• _EXERCISE DESCRIPTION_
In the entries below, begin at the line that has "Stilfuld Elegant Bluse" and stop after the line that has "Алмазный гибкий шлифовальный"; output those lines exactly, leaving out pictures.

PROVIDED ENTRIES START

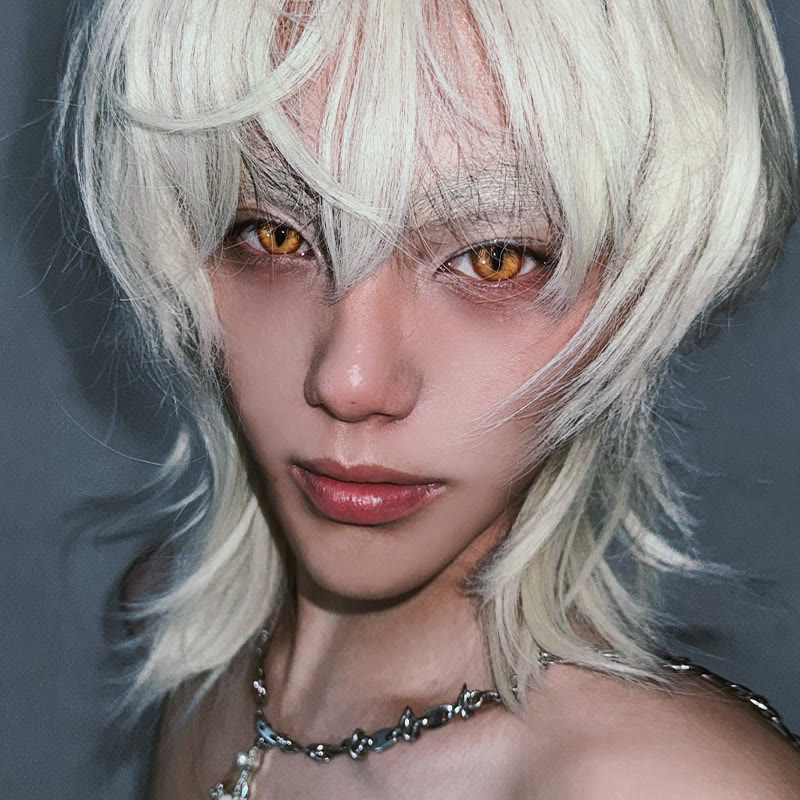 Coleyes Dragon Soul Brown Pro Axis Lock Cosplay Colored Contacts | 2-Pair Pack (1-Day) - image 3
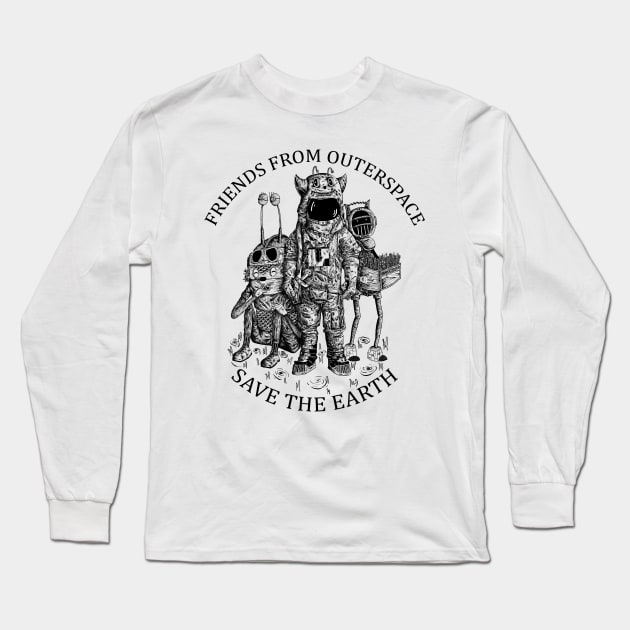 Save the earth Long Sleeve T-Shirt by Masrofik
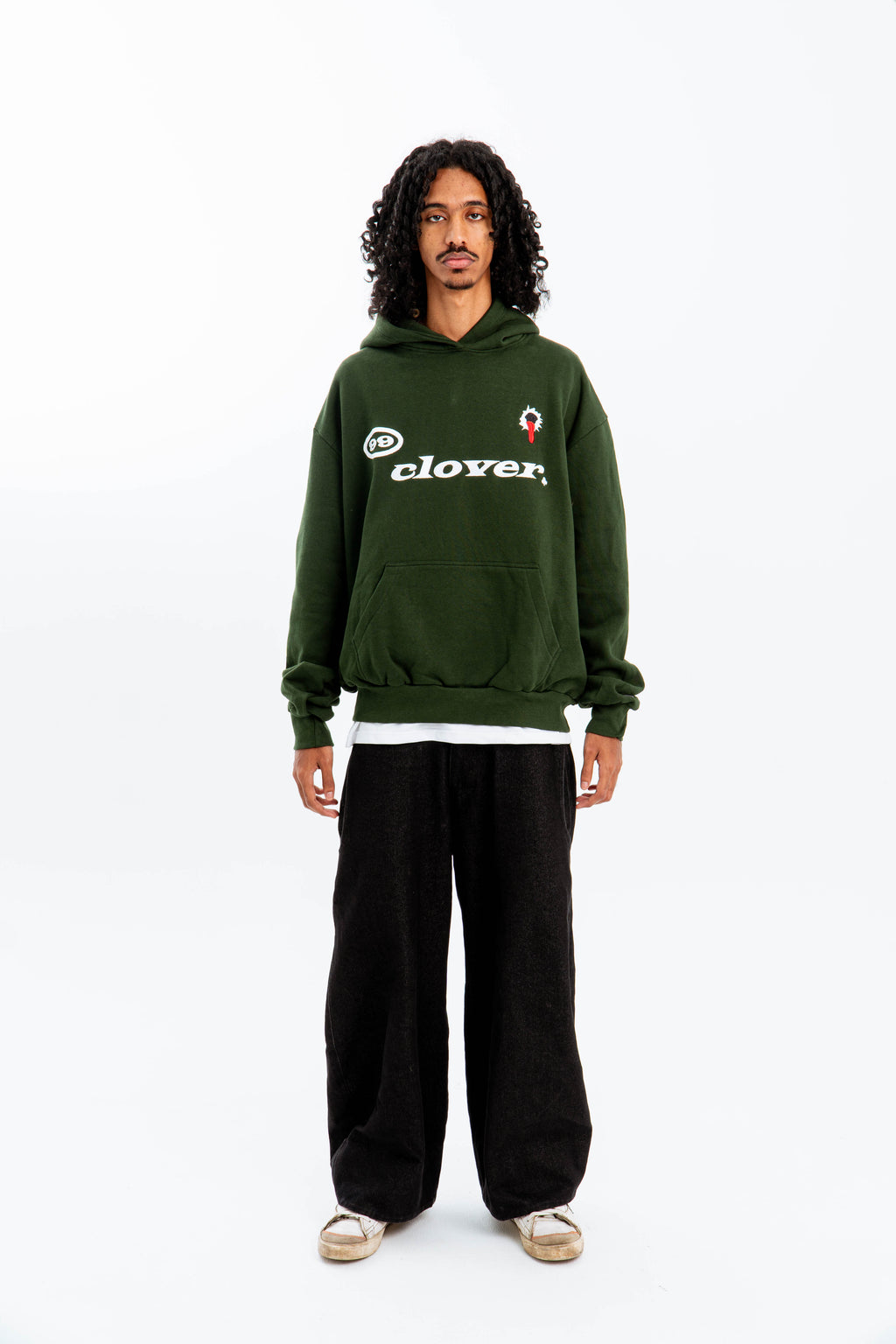 "FEELING LUCKY" OVERSIZED HOODIE GREEN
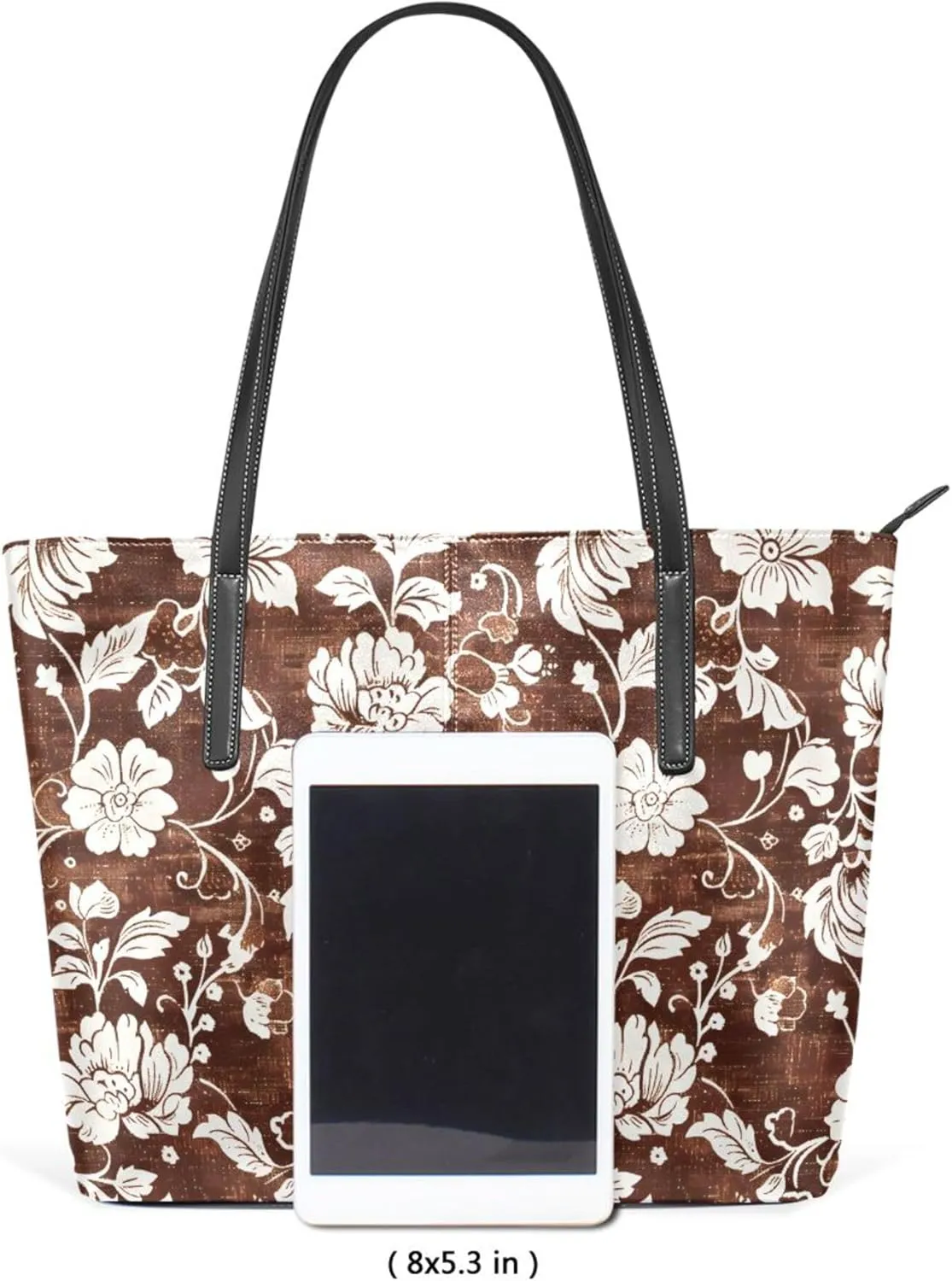 MNSRUU Tote Bag Pumpkin Rose Purses and Handbags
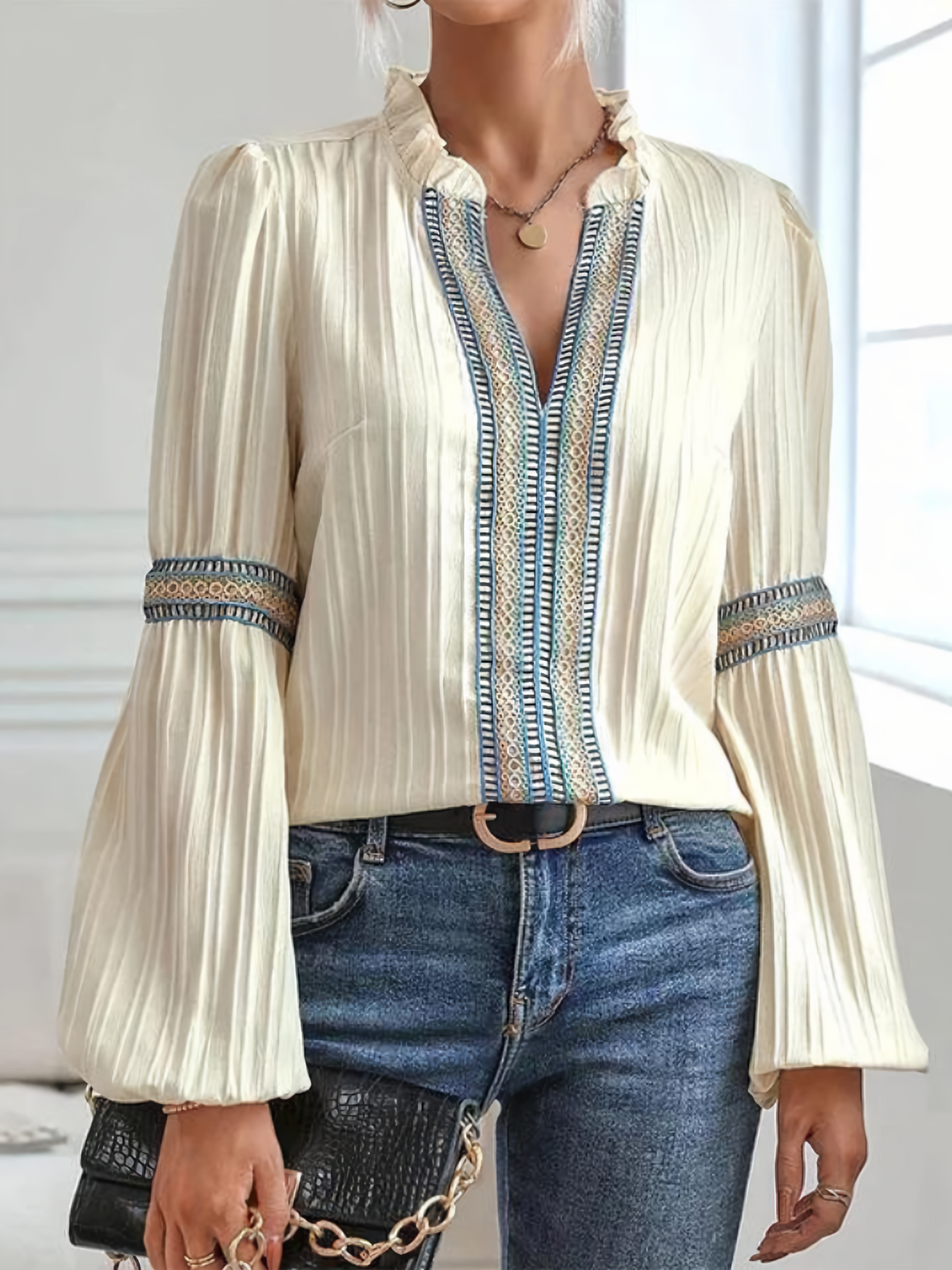 Stilfuld Elegant Bluse til Damer - Komfort og Kvalitet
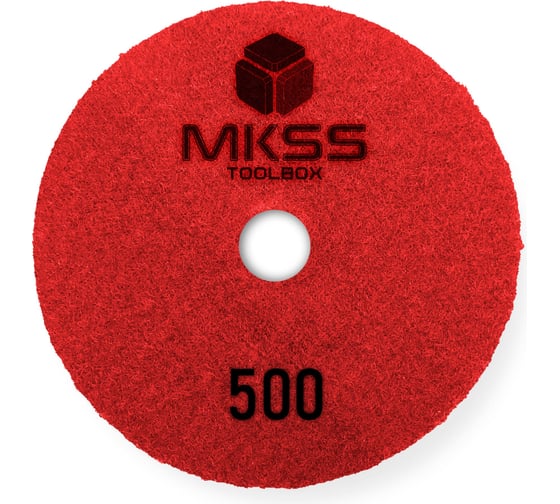 Алмазный гибкий шлифовальный круг MKSS Toolbox MK2604 АГШК Ø100 Р500 для мокрой шлифовки MKSS MK26040500 1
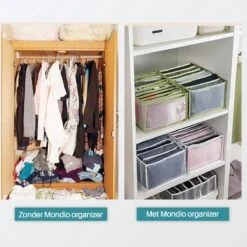 Mondio Broeken Kleding Organizer - Set: 2 Stuks - Opberg Box/Doos/Mand/Vakken - Opbergbox Kast/Kledingkast/Lade - Organizer Kleding/BH/Sokken/Ondergoed - Ruimtebesparende Kledinghangers 19 Mondio Broeken Kleding Organizer - Set: 2 Stuks - Opberg Box/Doos/Mand/Vakken - Opbergbox Kast/Kledingkast/Lade - Organizer Kleding/BH/Sokken/Ondergoed - Ruimtebesparende Kledinghangers -Thuisopslag 1200x1200 1362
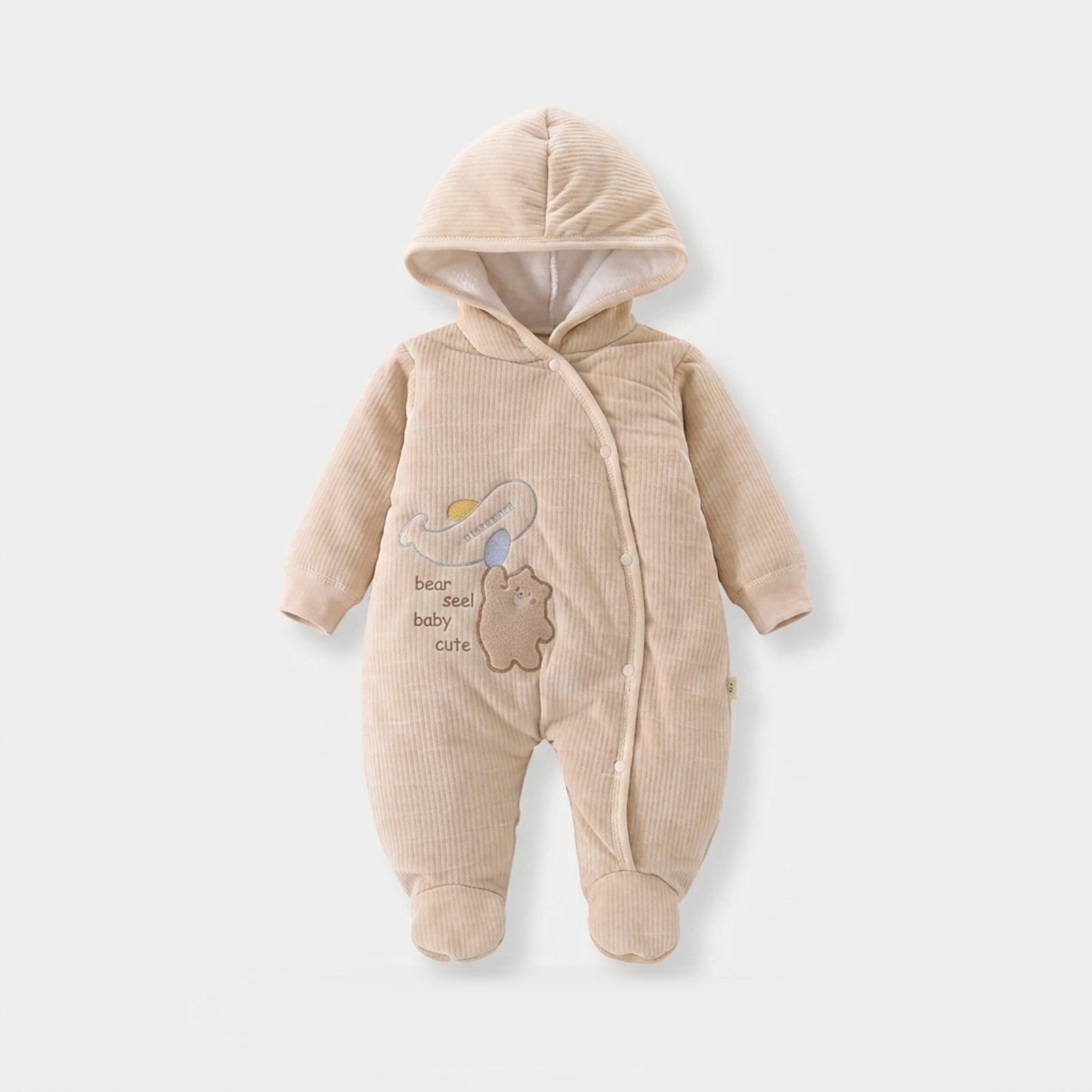 Little Traveler Hooded Pramsuit – Baby Girl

PROVIDED ENTRIES END

• _ANSWER SPACE_
 Stilfuld Elegant Bluse til Damer - Komfort og Kvalitet
 Алмазный гибкий шлифовальный круг MKSS Toolbox MK2604 АГШК Ø100 Р500 для мокрой шлифовки MKSS MK26040500 1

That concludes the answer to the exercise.